Here are a few that I’ve taken recently, all in the downtown area of Montréal. Now that spring is around the corner, it’ll be easier for someone like me with a crushed foot to get around and take photos.

From foufounes électriques, to ouate de phoque, and asking for a light from a hot guy in a bar, enjoy this little linguistic trip around Montréal.

Foufounes électriques!

Where else but in Montréal will you find a club called the “Electric bumbums”? That’s right — Montréal’s got the Foufounes électriques!

This venue is located at 87, Sainte-Catherine Est, near métro Saint-Laurent.

Click on the image to see a larger version of the front entrance to les Foufs.

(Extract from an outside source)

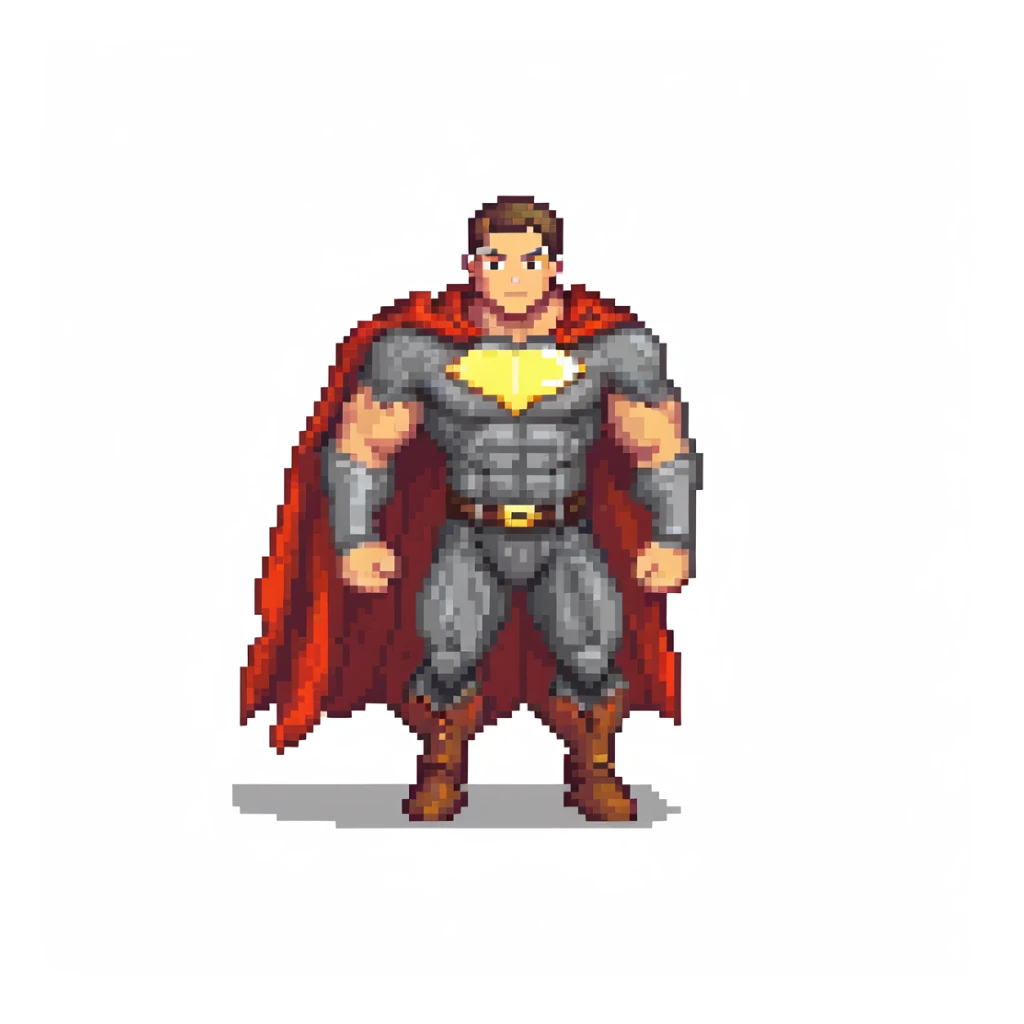 round superhuman icon with super strength, muscular hero with cape sticker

Right above the grey chariot in the roo, we see the word Foufounes; to the right, in smaller letters, we see électriques.

To be precise, the feminine noun foufounes used in Québécois French means “(bum) cheeks,” or les fesses. But to preserve the playful feel of the venue’s name, I think it translates better as “electric bumbums.”

One of the founders of the venue explained in The Guardian how the name was chosen: “Ass, girls and boys have one, so it’s not really sexual, and electric sounds dancy, so that’s how the name came about.”

Ouate de phoque! (… for young girls)

Maybe you’ll remember the image of a fun t-shirt in entry #687, sent in by Philip, with ouate de phoque printed on it. This is a playful French spelling of the expression “what the fuck.”

La ouate is an absorbent cotton puff or ball, like the ones that women use to apply or remove make-up. Un phoque is a seal. So in addition to the comical spelling ouate de phoque, we’ve also got wordplay: absorbent seal puffs.

There’s even a series of books for young girls in Québec called Ouate de phoque! I took a photo of the covers of two books in the series. Obviously, the vulgarity of the English expression is lost entirely in the playful French usage ouate de phoque.

I don’t think you’ll be seeing a series of books in English for young teenage girls called “What the fuck!” any time soon.

Québécois francophones do in fact use the swear word fuck, which is sometimes also spelled phonetically in French as foque. When fuck is used in French, it feels much less vulgar than in English.

One summer, I worked in Ontario alongside a québécois francophone. This was 20 years ago (ouch). At the time, my friend was still learning English. He would often say fuck around the office. I had to tell him this was very offensive to anglophone ears, and that people in the office wouldn’t appreciate it. He had no idea.

You got a light?

I spotted this tree with paper “leaves” on it at Place-des-Arts.

The leaves are in fact bits of paper with a sentence starter on it: Je me souviens…

People then fill in the rest with whatever it is they remember and want to share. On one of the leaves (see image below), someone wrote:

Je me souviens… du jour où je suis allée demander du feu au plus beau gars du bar! I remember… the day I went up to the most handsome guy at the bar and asked him for a light!

As-tu du feu? Of course, now that smoking has been banned pretty much everywhere, this classic conversation starter has fallen into disuse!